There is also available online now “software for students to practice math and English. These programs register every single answer a student gives.” Schools “could take a big-data approach, combining information from a number of different sources — graduation rates, discipline outcomes, demographic information, teacher-created assessments and, eventually, workforce outcomes. This information, in turn, could be used to gauge the performance of students, schools and teachers over time.”

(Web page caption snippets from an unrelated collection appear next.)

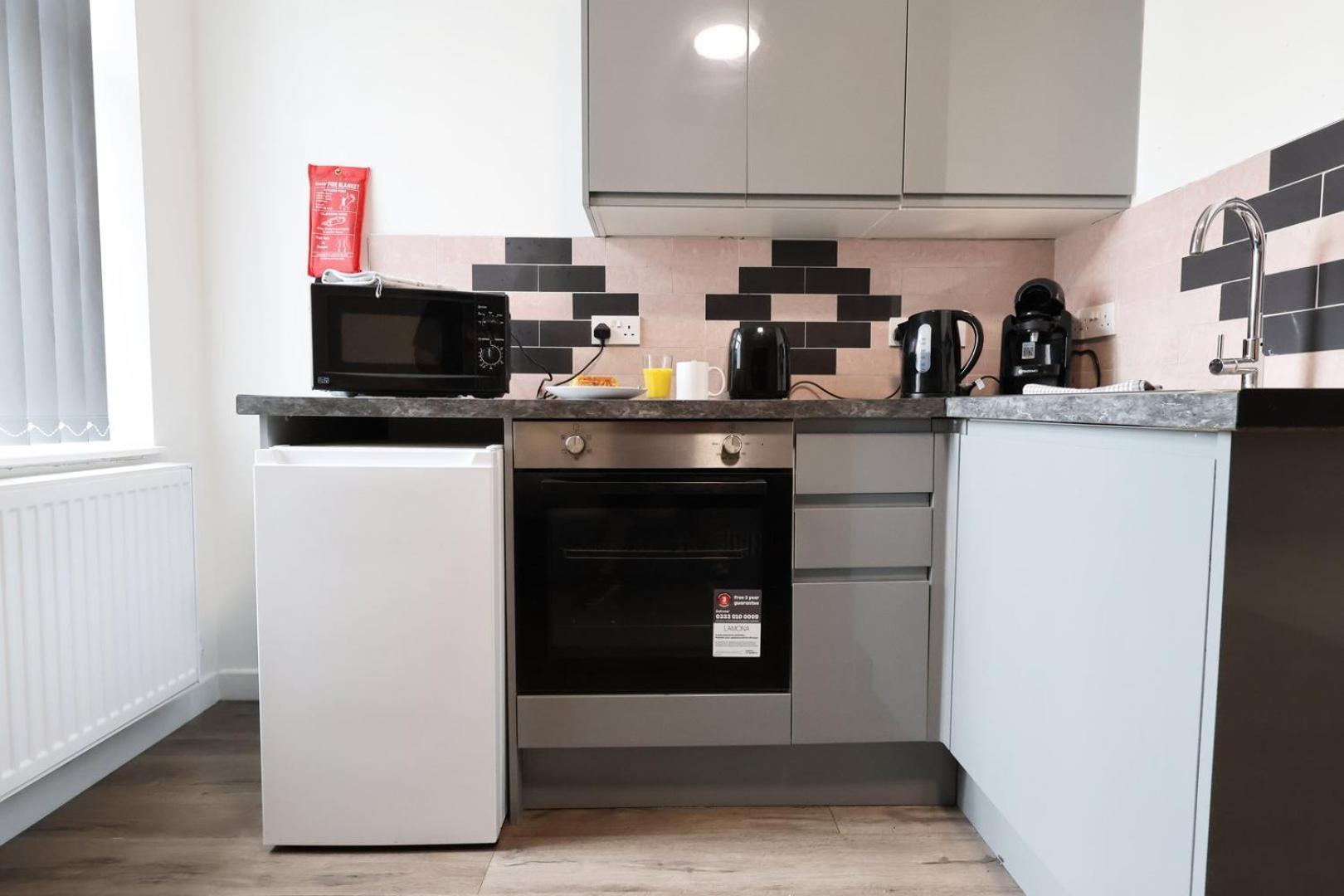 Cohost Partners | Smart Tv | 5 Min City | Parking Cardiff Extérieur photo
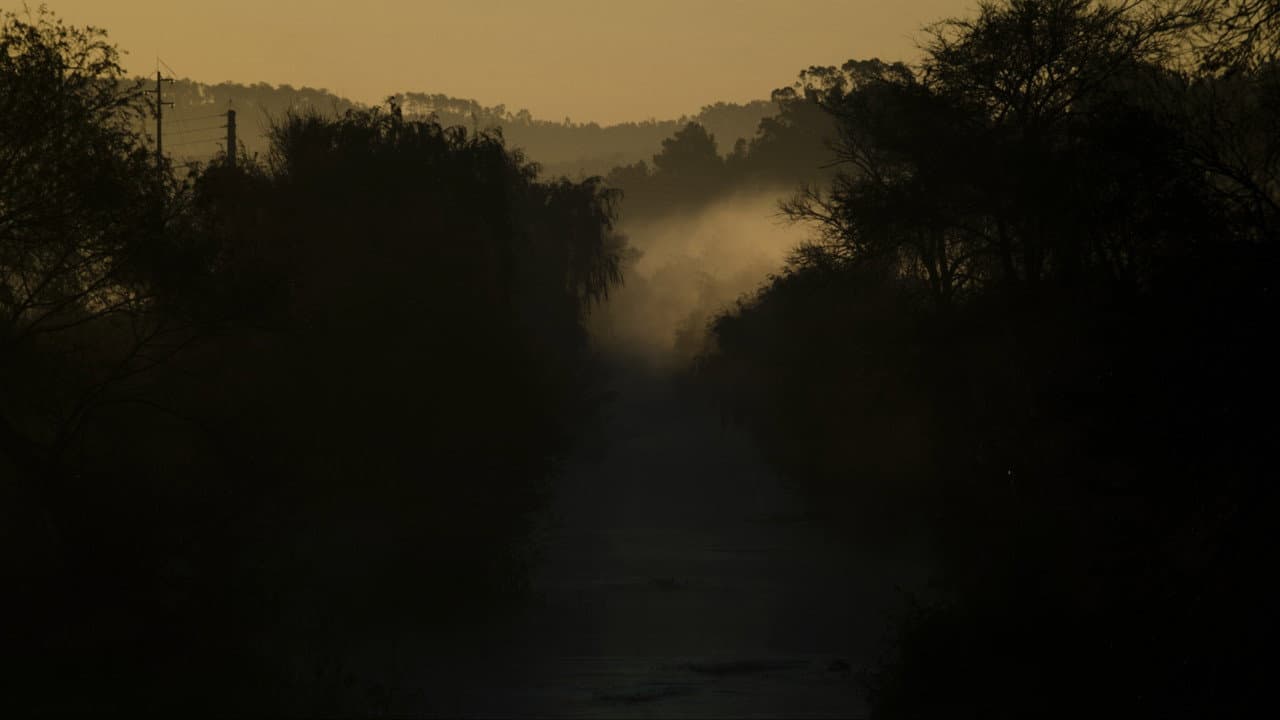 Backdrop – Para lá da Margem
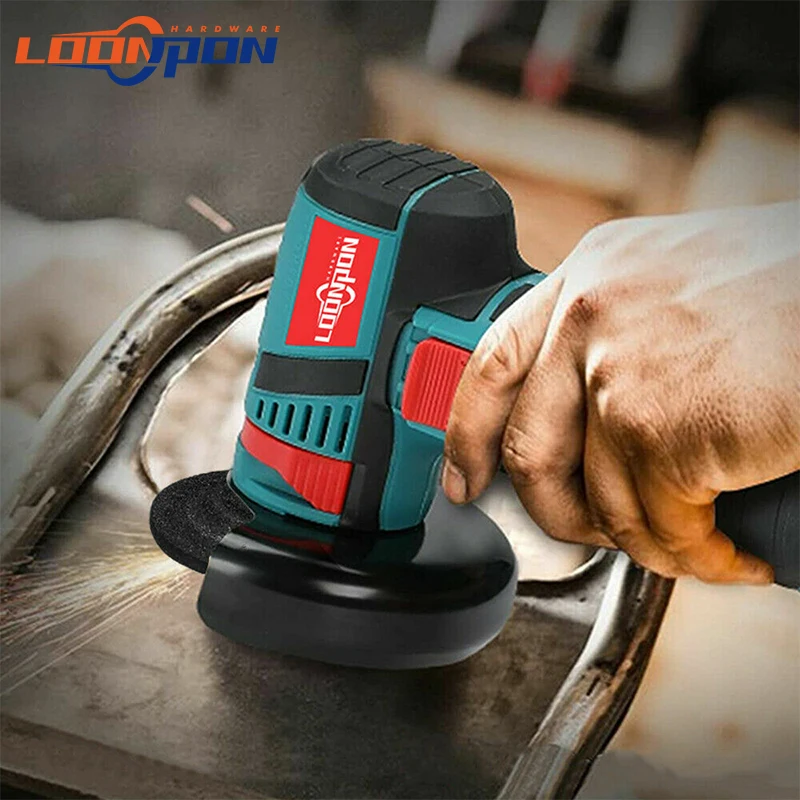 Loonpon 50mm 2" Inch Grinding Wheels Angle Grinder Accessories Abrasive Wheel for 2-inch Mini Air Angle Grinders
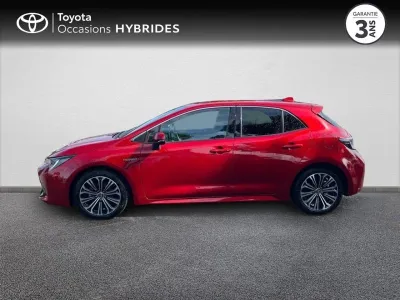TOYOTA Corolla 122h Design occasion 2019 - Photo 3
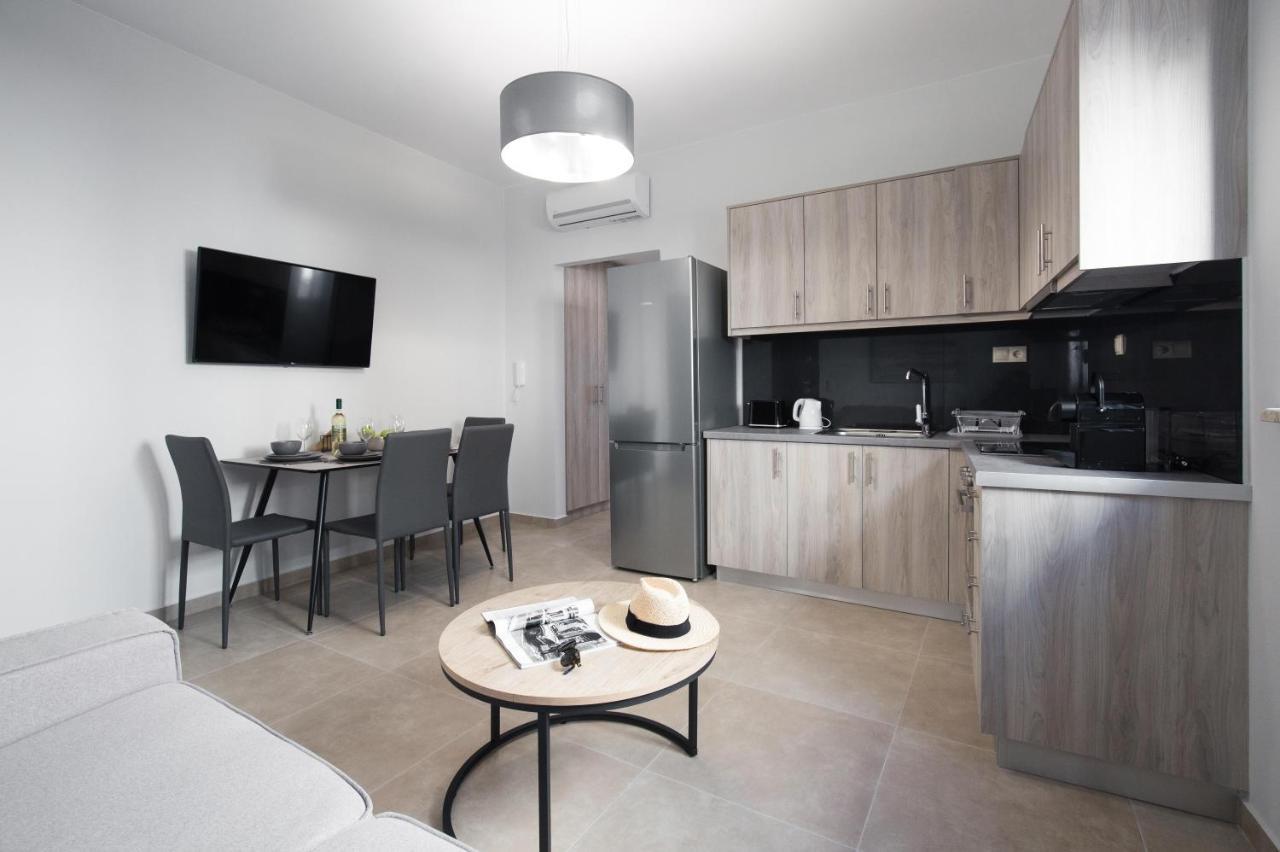 Casa Ntore Luxury Apartments 干尼亞 外观 照片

This sounds like the time honored method from the era before standardized testing. “'Teacher created assessments', graduation rates, discipline outcomes” – how novel and straightforward. That sounds like a win-win to me. I especially am against failing either a student, a teacher, or a school on the basis of one of these tests because exactly what the students have been taught is not really known. Surely no teacher says exactly the same thing as others have before them, nor has any student learned a perfect and uniform set of facts, phrased in exactly the way they appear on the test. Knowledge is not so cut and dried as some of those tests would indicate, and maybe we could avoid scandals like the teacher going along behind the student to see what answer he has given on a test, and actually correcting his answer. That was done to avoid having her teaching being judged insufficient, and created a scandal in several schools a few years ago.

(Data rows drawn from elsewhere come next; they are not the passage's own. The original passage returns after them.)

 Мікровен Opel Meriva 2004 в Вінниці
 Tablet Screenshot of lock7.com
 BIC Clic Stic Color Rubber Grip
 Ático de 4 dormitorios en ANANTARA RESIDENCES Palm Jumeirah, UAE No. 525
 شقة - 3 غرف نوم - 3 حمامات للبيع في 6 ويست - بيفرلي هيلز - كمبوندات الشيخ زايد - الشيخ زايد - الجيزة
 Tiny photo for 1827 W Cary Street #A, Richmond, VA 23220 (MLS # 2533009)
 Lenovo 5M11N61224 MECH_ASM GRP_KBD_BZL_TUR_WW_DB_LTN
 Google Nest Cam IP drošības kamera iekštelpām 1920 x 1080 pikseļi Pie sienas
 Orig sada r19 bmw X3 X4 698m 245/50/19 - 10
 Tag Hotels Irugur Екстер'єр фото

Going back to a freeform and dynamic classroom setting would eliminate the hated mandate to “teach to the test,” and allow a lively and creative method of learning. I believe students would be more interested under those conditions and would study more on their own, reading to find out the answers to questions which they form in their own minds from the textbook and from classroom discussion. As a result they would learn more over a wide variety of subjects, and be better prepared for, say, a law degree. A lawyer has to think on his feet and argue points rather than accepting verbatim the information at hand. I think too much rigid teaching creates a mind that cannot go beyond the narrow scope of its learning – great slaves but not great masters.